A golfer walking into a shop in search of a new putter faces many choices regarding shaft length, club head shape, offset, loft and other considerations. With respect to the point at which the shaft attaches to the head, however, there are two main options: center-shafted putters and heel-shafted putters.
While center-shafted putters have long been legal in the United States, they were banned in Great Britain in 1909. In 1951, the sport’s two main governing bodies -- the United States Golf Association and Britain’s Royal & Ancient Club -- agreed to standardize the Rules of Golf and made center-shafted putters legal worldwide. All other golf clubs must have shafts that attach to the club head at or near the heel.
Club fitters typically recommend a player choose a putter that suits his putting style. Most center-shafted putters are face-balanced, with equal amounts of weight in the club head’s heel and toe. This type of club suits a player who keeps his eyes directly above the ball, takes the club straight back and swings straight through the ball. Players who employ this style try to keep the club head square from the beginning of the stroke to the end. It’s easier to keep a center-shafted, face-balanced club head from drifting right or left when hitting straight through the ball. To make certain a putter is face balanced, balance it on your finger, roughly 6 inches from the club head. If the club face remains horizontal, it’s face-balanced.

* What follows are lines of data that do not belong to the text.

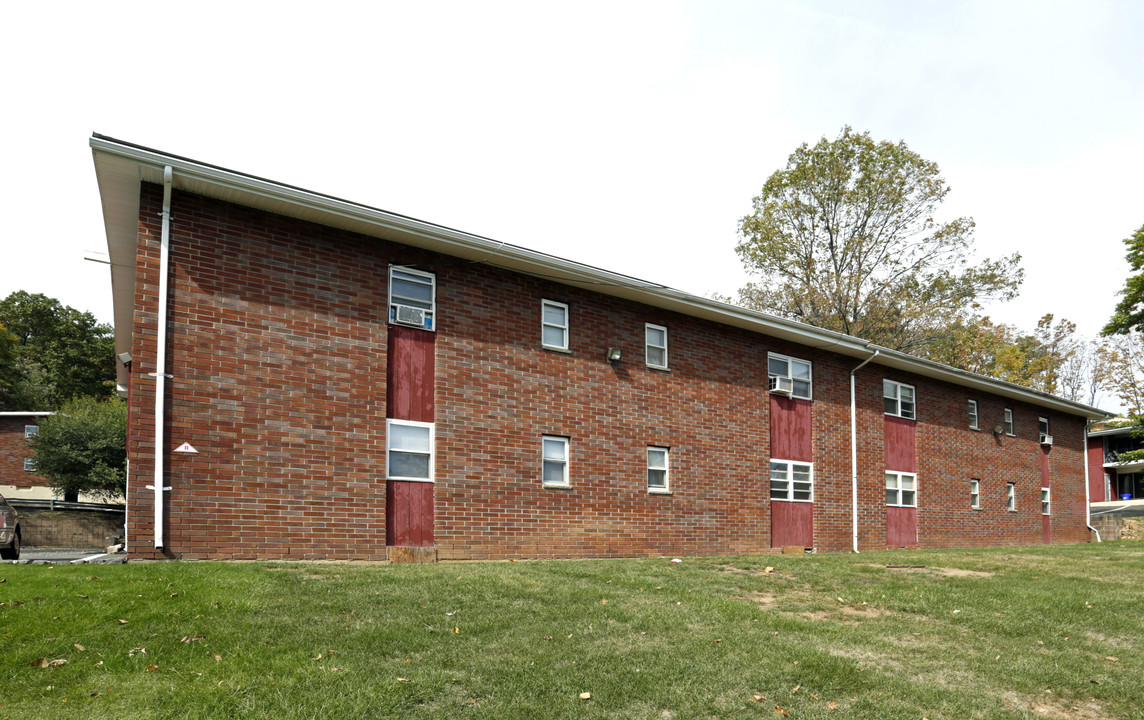 Malcolm Gardens in North Plainfield, NJ - Building Photo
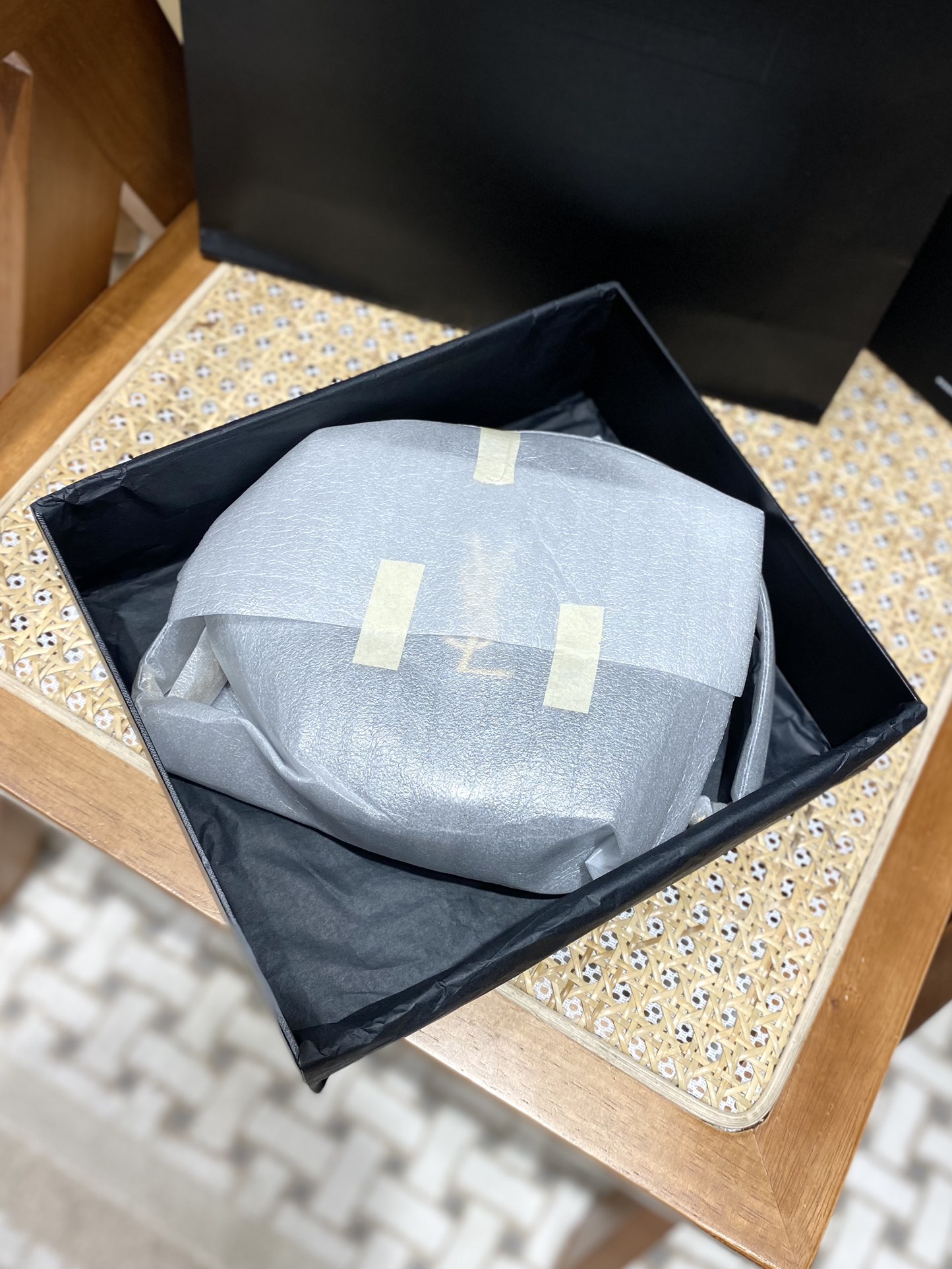 Saint laurent Ysl 最新VINYLE鱼子酱小圆包 610436黑色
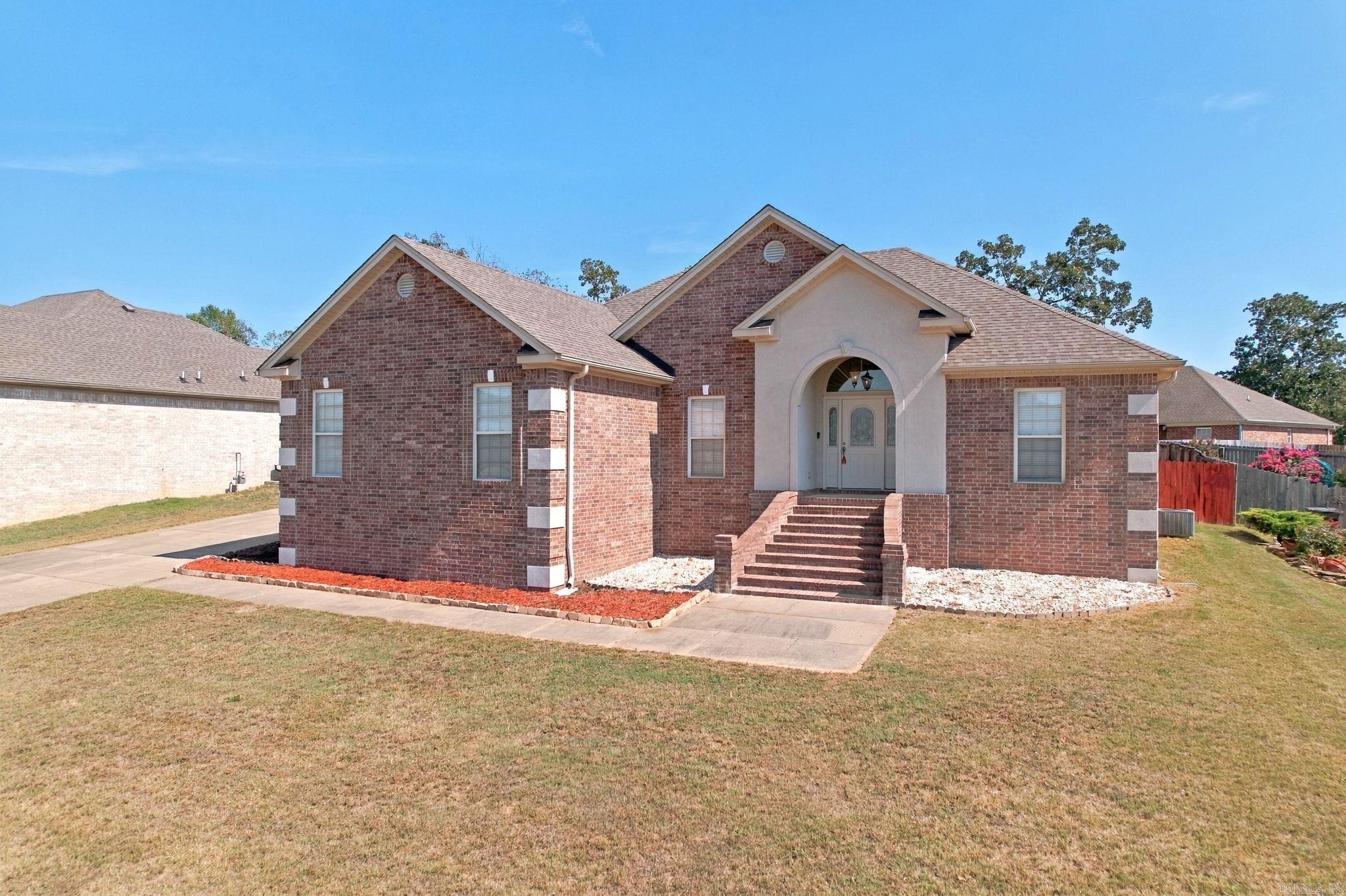 1605 Lost Creek Drive — exterior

Players who putt using the arc method may be better off with a toe-weighted putter. This style requires the golfer to pull the club a bit inside the target line on the backswing. The player returns to a square position at impact, then follows through by again moving the club inside the target line to complete the arc. To determine whether a putter is toe-weighted, repeat the balancing experiment from the previous section. If the putter is toe-weighted, the toe will dip down to the ground at about a 45-degree angle.
Heel-shafted putters are more common on the PGA Tour, but plenty of pros use the center-shafted variety, particularly those who swing long putters or belly putters. Many tour pros find a center-shafted putter helps them align the ball properly, according to “Golf Digest.” Additionally, some pros feel that a face-balanced putter is easier to square up at impact.